Prior to installation, you must apply for a building and/or an electrical permit from your local building department. The installation contractor typically obtains the necessary permits and includes these costs in the overall system price. In some cases, the contractor may not know how much time or cost will be involved in “pulling” a permit. If so, this task may be priced on a time-and-materials basis, particularly if additional drawings or calculations are required by the permitting agency. In any case, make sure you discuss permitting costs and responsibilities with your contractor.
If your community has a homeowners' association that must approve a solar electric system, you or the contractor will need to submit your plans to obtain approval from the association before beginning the installation.
After installation, the system must be inspected and approved by a representative of the local permitting agency (a building or electrical inspector) and by the utility that holds your interconnection agreement. Inspectors may require installation contractors to make corrections after installation, but don't be concerned, as this is not unusual.
What warranties do I need?
Systems must be covered by a full (not “limited”) five-year warranty and any manufacturers' warranties on specific components. Coverage must include all parts and labor, plus the cost of removing, shipping and reinstalling or replacing a defective component.
You should know who is responsible for honoring warranties, whether it is the installation contractor or the manufacturer. Each should disclose their warranty responsibility. Make sure you read the document carefully, reviewing terms and conditions with the vendor. Understand financial arrangements, like contractor's bonds, that assure the warranty is honored. A warranty doesn't guarantee that a vendor will stay in business, so you need to know whom to contact in case of a problem. New Jersey's Clean Energy Program requires that you submit a Solar Technical Worksheet that specifies warranty terms along with the additional information that should be included in the registration packet.
Net Metering, SRECs and Ownership
Net metering
Net Metering refers to subtracting the amount of electricity produced by your solar system from the total amount consumed by your home or business – thus “netting out” your electric bill. As we mentioned earlier, there may be times when your solar system produces more power than your home or business is using. At those times, the excess power is sent back into the grid and your electric meter literally spins backwards. You'll receive the full retail value of that excess power because it will be subtracted from the total amount of electricity you buy from your utility. In the event that your system produces more electricity than your home or business uses in a 12-month period, you will be credited for the wholesale value of the excess amount.
Speaking of metering, your solar system will need to be connected to two meters. One, as noted above, will net out the electricity you produce against the electricity you consume. The second meter, called a “production meter”, measures the output of your solar system for the purpose of determining how many Solar Renewable Energy Certificates (SRECs) you are entitled to earn. For more details, visit our Metering Requirements page.
Solar Renewable Energy Certificates (SRECs)
SRECs essentially place a dollar value on the environmental and other societal benefits of solar energy and, in doing so, help the owner of a solar electric system recover their investment by providing revenue beyond the value of the electricity the system produces.

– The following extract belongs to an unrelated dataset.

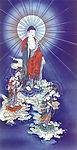 经典西方三圣接引图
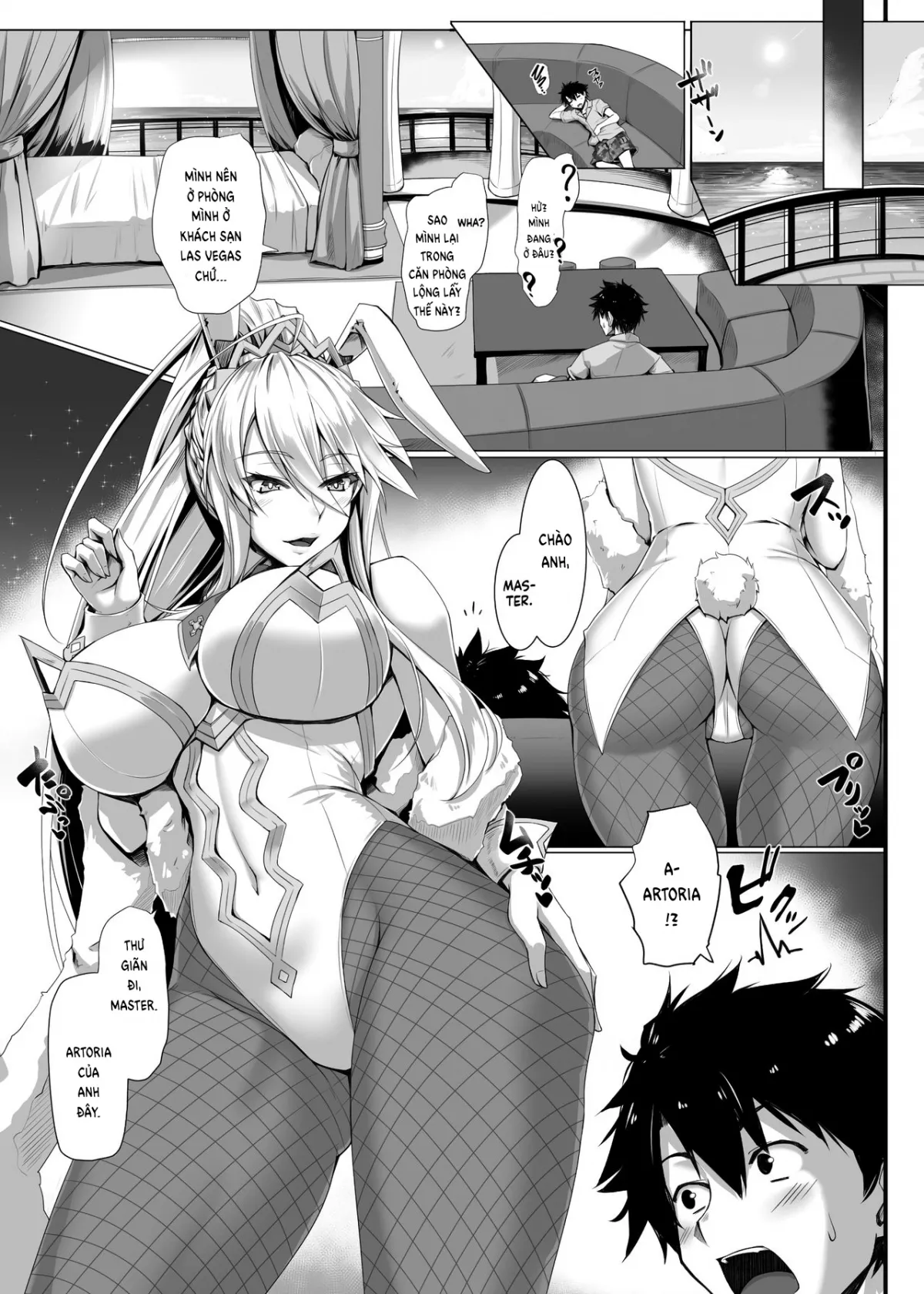 HentaiVN.net - Ảnh 3 - Horny Bunny [ToroToro BaniBani] - Chap 1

SRECs are used by power producers in New Jersey to meet the state's Renewable Portfolio Standard – a requirement that a certain percentage of the power they sell each year comes from clean, renewable resources. If those producers don't have their own solar systems, they must buy the SRECs of people who do. SRECs are a market-based commodity, so their value can fluctuate depending on supply and demand.
The owner of a solar system receives one SREC each time their system produces 1,000 kilowatt-hours (also called one megawatt-hour) of electricity in the first 10 or 15 years (pending intrepretation of Legislation) of its operation. SRECs are deposited and held in an electronic account that can be accessed by the owner via the internet. These accounts are hosted by the Generation Attribute Tracking System (GATS) managed by PJM-Environmental Information Systems (PJM-EIS), which is the current SREC Administrator. Find out more answers to many frequently asked questions about SRECs.
System Ownership
It wasn't too long ago that the only way a home or business owner could get involved with solar energy was to purchase a system outright. This generally involved a large up-front capital cost that proved to be a barrier for many people. Over the past several years, though, other options have been created to make solar energy available to a broader base of residential, commercial and governmental customers.

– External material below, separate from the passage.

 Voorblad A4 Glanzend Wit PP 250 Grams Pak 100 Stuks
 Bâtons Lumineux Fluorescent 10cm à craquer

- Outright ownership is the option where the customer buys the system from the installer and receives the tax incentives, SRECs and net metering benefits. The system may be financed by the customer through a bank loan or other financing arrangement if the customer does not have the capital to cover full purchase price.

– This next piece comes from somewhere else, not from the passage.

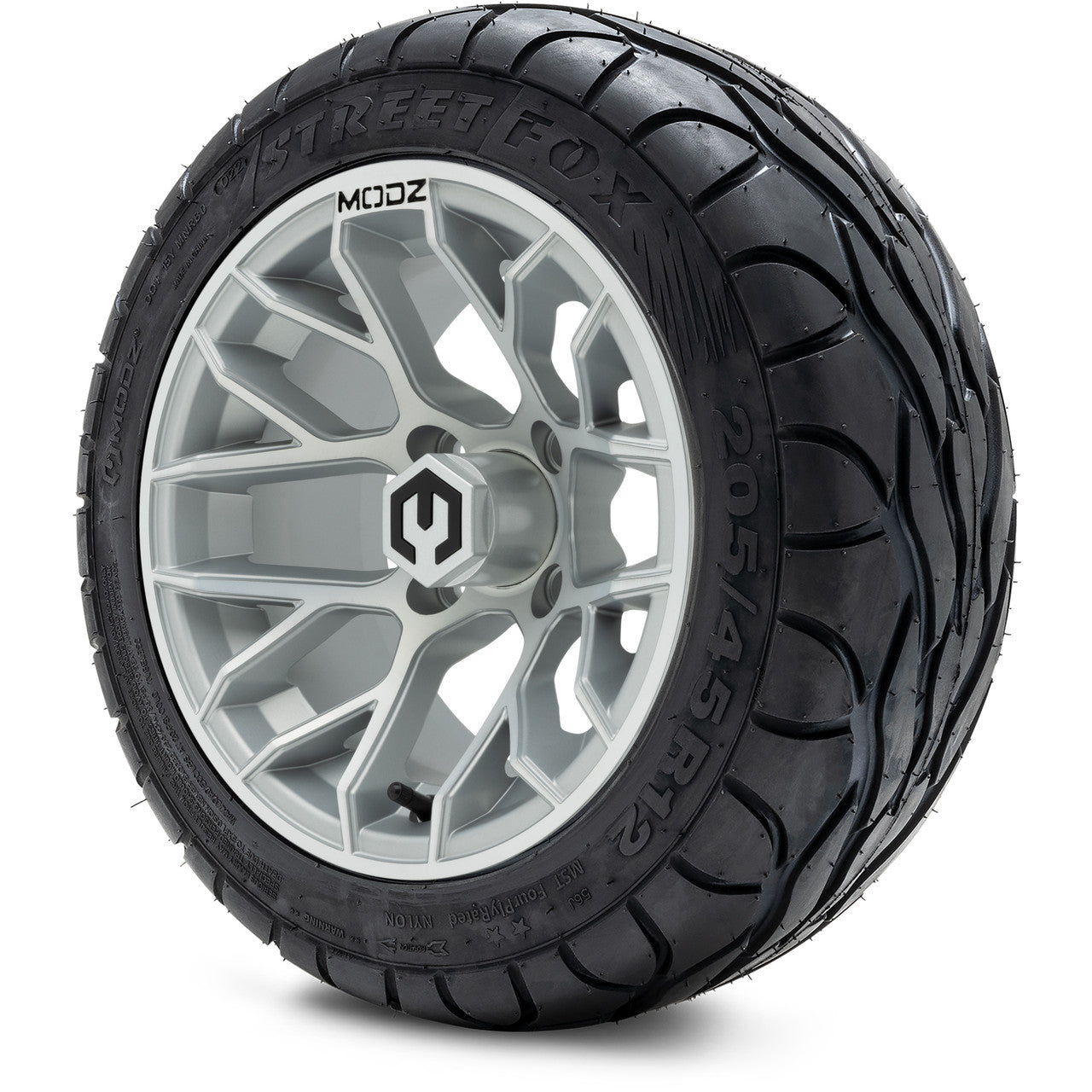 MODZ® 12" Matrix Silver - LowPro Tires and Wheels Combo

- A Power Purchase Agreement, or PPA, is an option in which the customer agrees to buy the electricity produced by a solar system on their home or business that is installed, maintained and owned by a third party. There is generally little or no up-front cost to the customer, although they are contractually obligated to buy the power at a set price over a certain number of years. The third-party system owner receives the tax incentives and SRECs.
- A leasing arrangement in which the customer pays a fixed monthly price to a third party who installs, maintains and owns the solar system. Like a PPA, a leasing arrangement generally requires little or no up-front costs; but unlike a PPA, a leasing arrangement features a fixed monthly price instead of a per-kilowatt-hour cost for the electricity produced. The third party system owner receives the tax incentives and SRECs.
It's important that you carefully examine all of your purchasing and leasing options to find the one that is right for you.